──────── Data excerpts ────────

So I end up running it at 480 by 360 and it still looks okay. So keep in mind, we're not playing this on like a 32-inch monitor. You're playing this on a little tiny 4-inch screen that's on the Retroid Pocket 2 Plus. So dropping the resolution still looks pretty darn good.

────────
──────── Data excerpts ────────

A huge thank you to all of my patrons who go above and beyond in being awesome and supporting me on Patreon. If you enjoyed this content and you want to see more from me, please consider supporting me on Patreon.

────────
──────── Data excerpts ────────

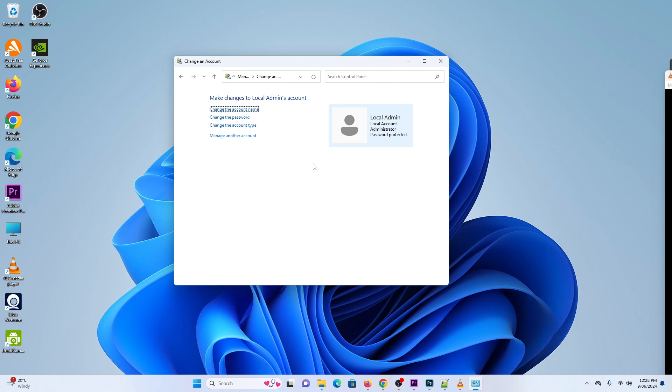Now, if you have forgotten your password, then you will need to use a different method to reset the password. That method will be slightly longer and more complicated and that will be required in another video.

────────

**Your task**: All lines above with the word "this" need to be reported.

**Response below**:
So I end up running it at 480 by 360 and it still looks okay. So keep in mind, we're not playing this on like a 32-inch monitor. You're playing this on a little tiny 4-inch screen that's on the Retroid Pocket 2 Plus. So dropping the resolution still looks pretty darn good.
A huge thank you to all of my patrons who go above and beyond in being awesome and supporting me on Patreon. If you enjoyed this content and you want to see more from me, please consider supporting me on Patreon.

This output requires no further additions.